The ISIL (ISIS) group has killed five Kurdish fighters in an attack in eastern Syria’s Deir Az Zor, the group’s news agency has reported, underscoring concerns about its resurgence.

Farhad Shami, spokesperson for Syria’s Kurdish-led Syrian Democratic Forces (SDF), confirmed to Reuters news agency on Monday that five of its members were killed in the attack, which he described as “one of the deadliest” against the group in a while.

Deir Az Zor city was captured by ISIL in 2014, but the Syrian army retook it in 2017.

The ISIL group once controlled vast swathes of Syria and Iraq – including Raqqa, about 160km (100 miles) east of Aleppo and Mosul, in northern Iraq – imposing hardline rule over millions of people.

Former ISIL leader Abu Bakr al-Baghdadi had declared a caliphate over the two countries in 2014 before he was killed in a raid by United States special forces in northwest Syria in 2019 as the group collapsed.

At its peak, the group ruled over an area half the size of the United Kingdom and was notorious for its brutality.
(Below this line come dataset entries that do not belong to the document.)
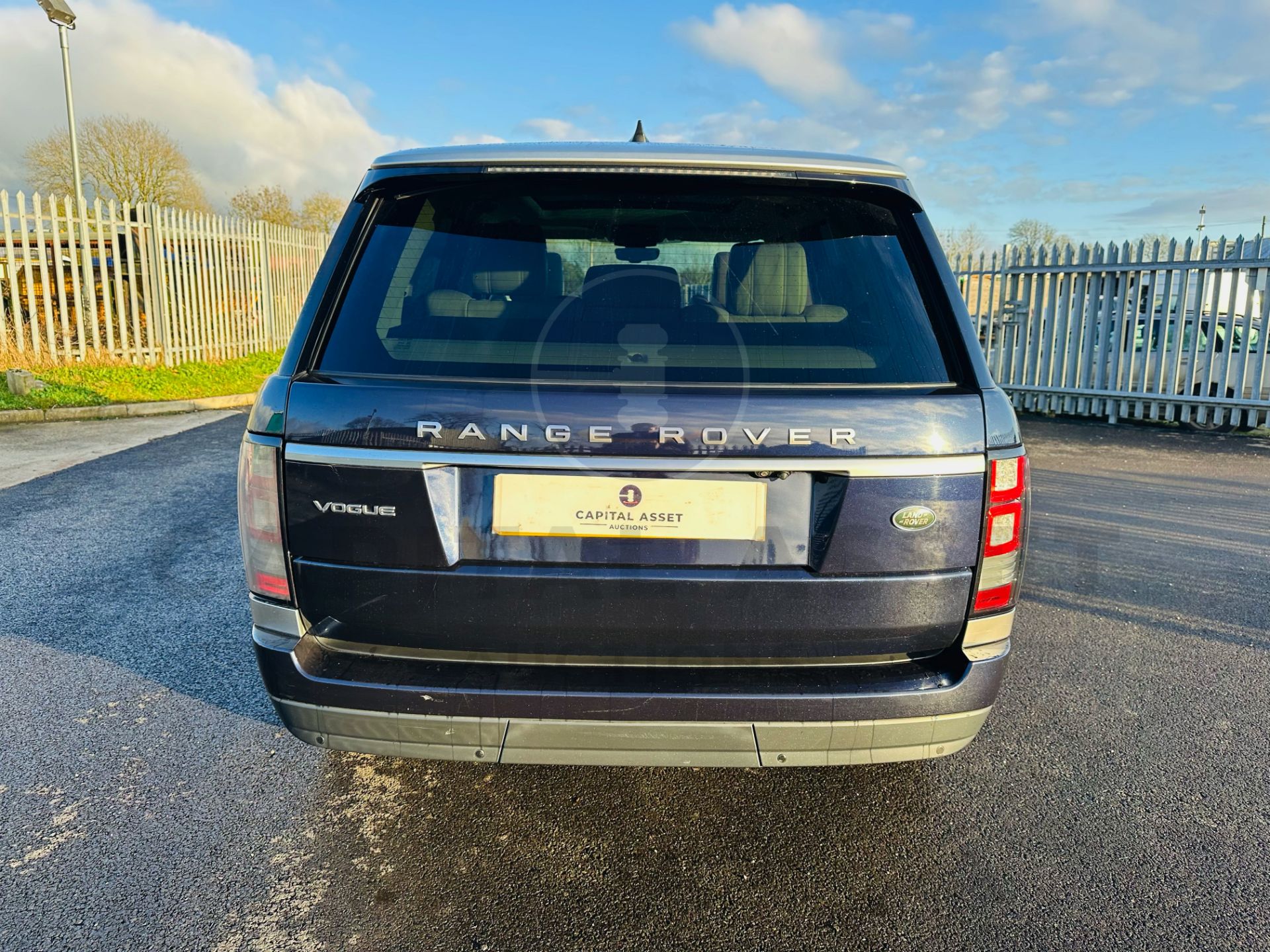 RANGE ROVER VOGUE "3.0 TDV6" AUTO - 17 REG - AIR SUSPENSION - LEATHER -SAT NAV - MEGA SPEC - NO VAT! - Image 8 of 37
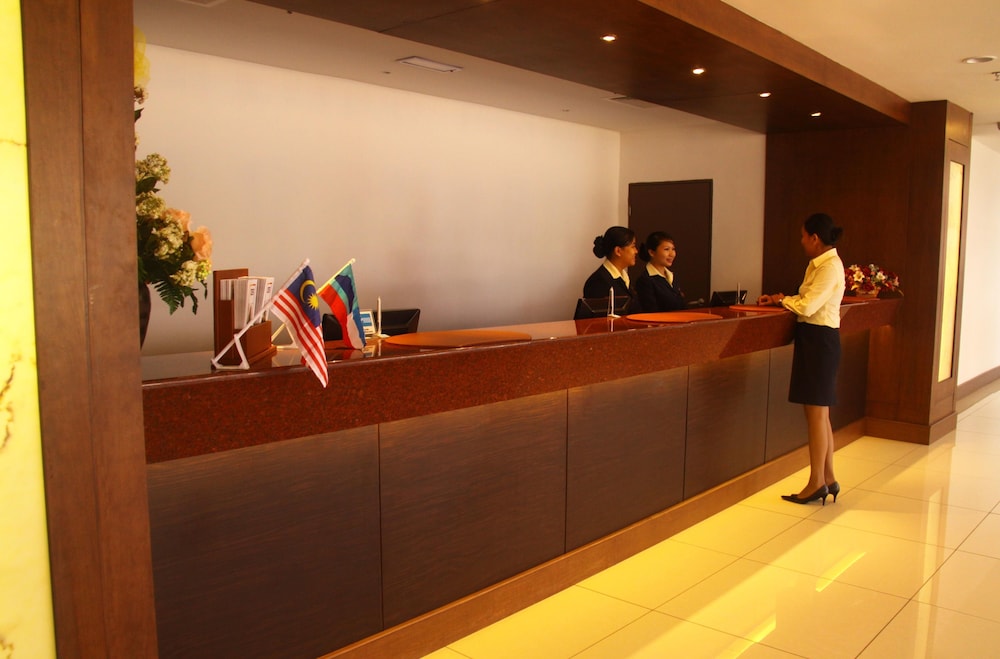 GAYA CENTRE HOTEL 9/42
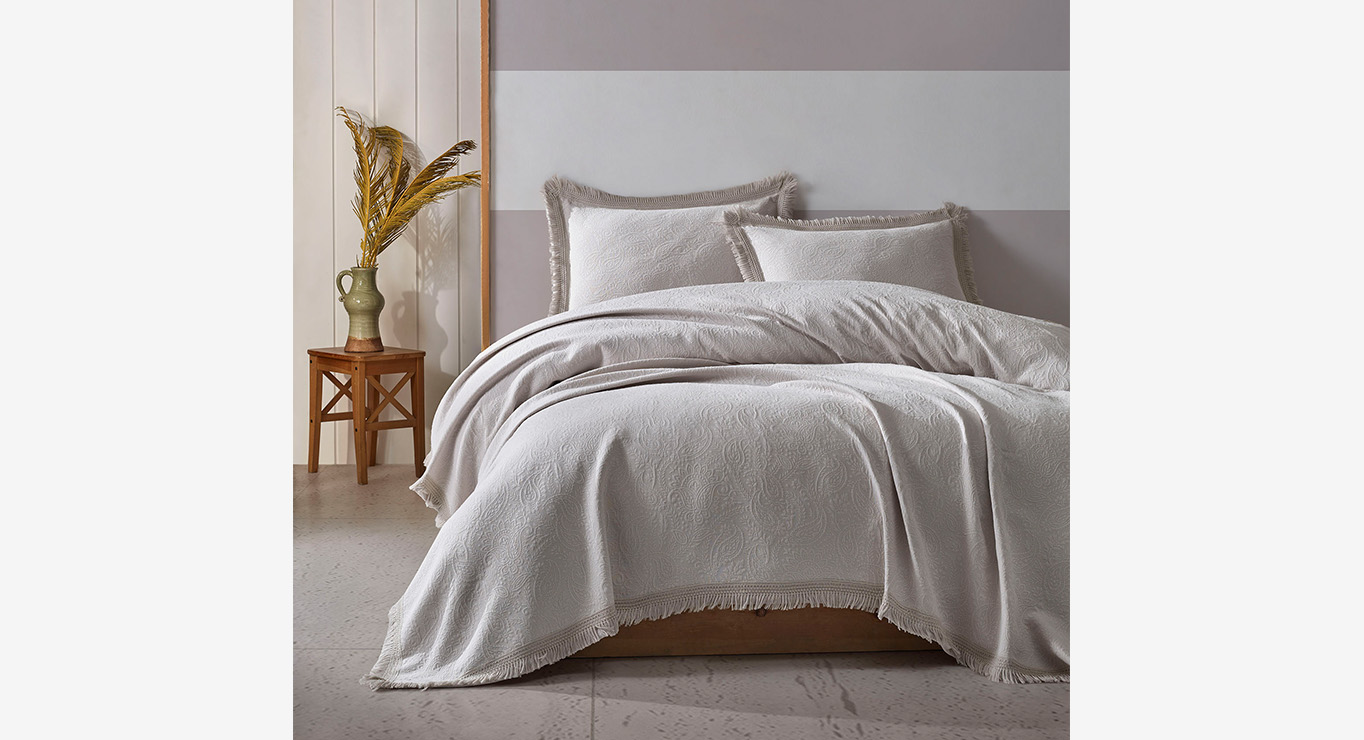 GRACE lovatiesės komplektas šviesiai pilkos spalvos 2400x2600 1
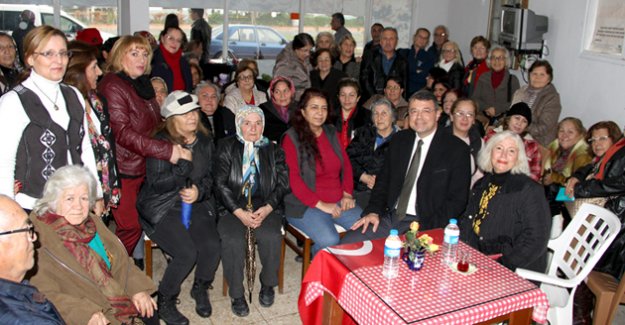Başkan Turgut, Atakent’te kadınlarla bir araya geldi
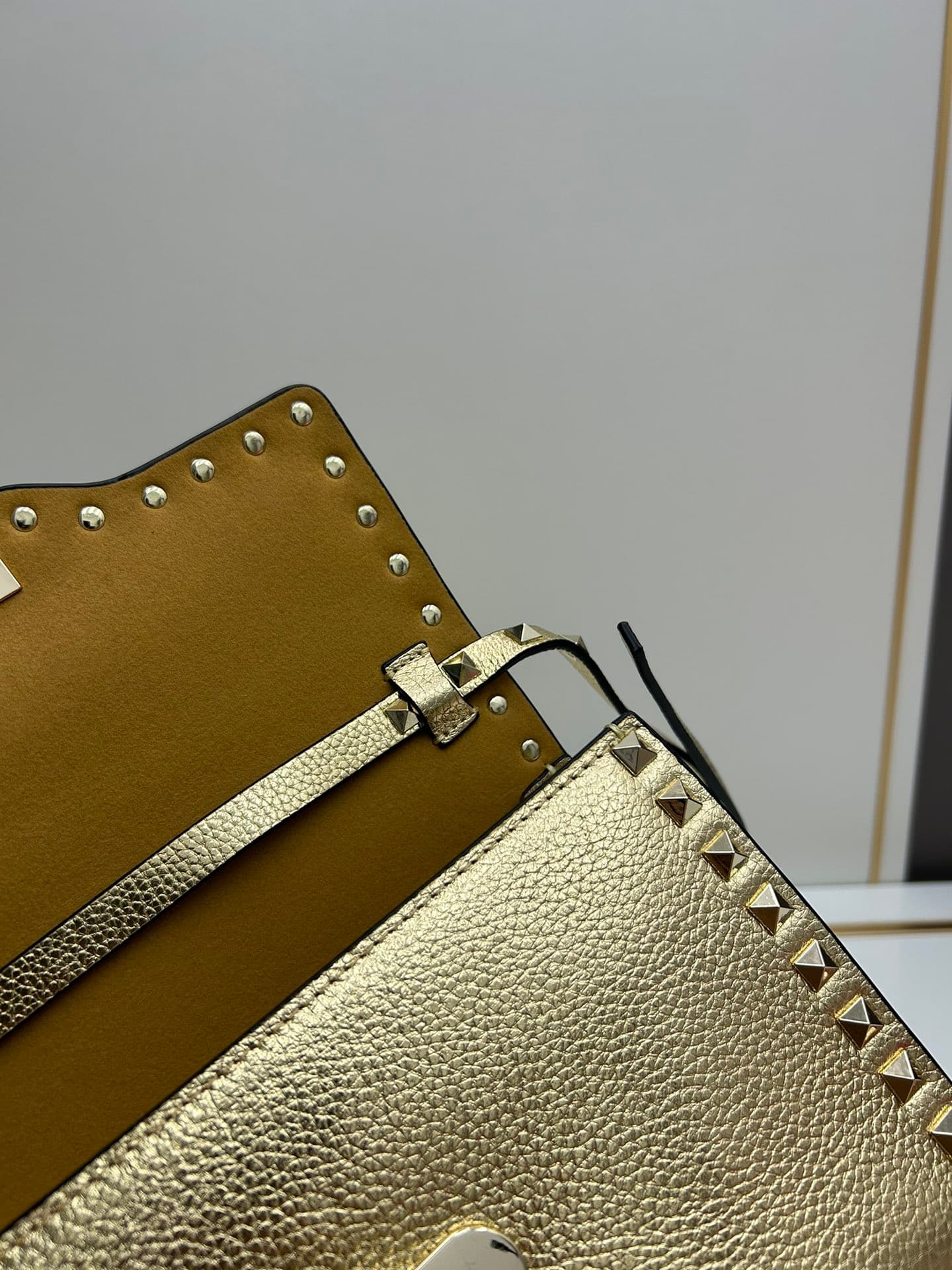 C7755 Valentino Valentino counter’s best-selling item💪 It’s versatile and fashionable; the bag has a great feel, it’s hard to believe! — image 7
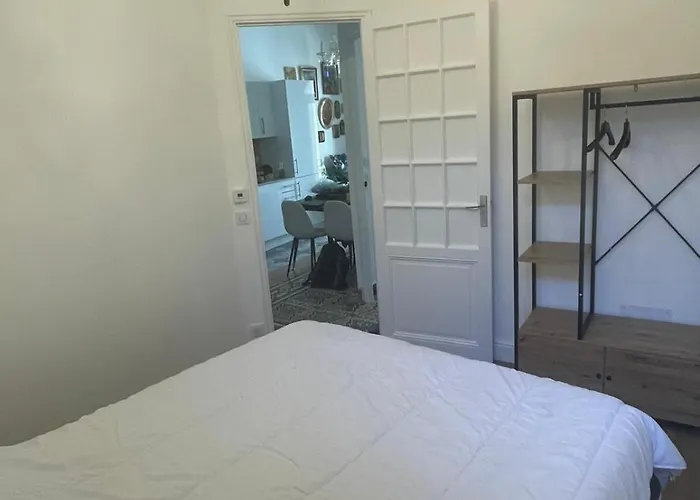 Apartament Charme & Authenticite 3p Vielle Antibes
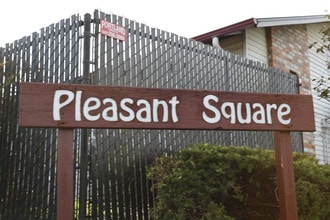 Pleasant Square Apartments in Oregon City, OR - Building Photo - Building Photo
It beheaded civilians, slaughtered 1,700 captured Iraqi soldiers in a short period, and enslaved and raped thousands of women from the Yazidi community, one of Iraq’s oldest religious minorities.

A coalition of more than 80 countries, led by the US, was formed to fight the group in September 2014. The alliance continues to carry out raids against ISIL’s hideouts in Syria and Iraq.

The war against the group officially ended in March 2019, when US-backed and Kurdish-led fighters of the SDF captured the eastern Syrian town of Baghouz, which was the last sliver of land ISIL controlled.

The group was also defeated in Iraq in July 2017, when Iraqi forces recaptured Mosul. Three months later, ISIL suffered a major blow when the SDF took back the Syrian northern city of Raqqa, which was the group’s de facto capital.

ISIL has recently been trying to stage a comeback, continuing to recruit members and to claim responsibility for deadly attacks around the world.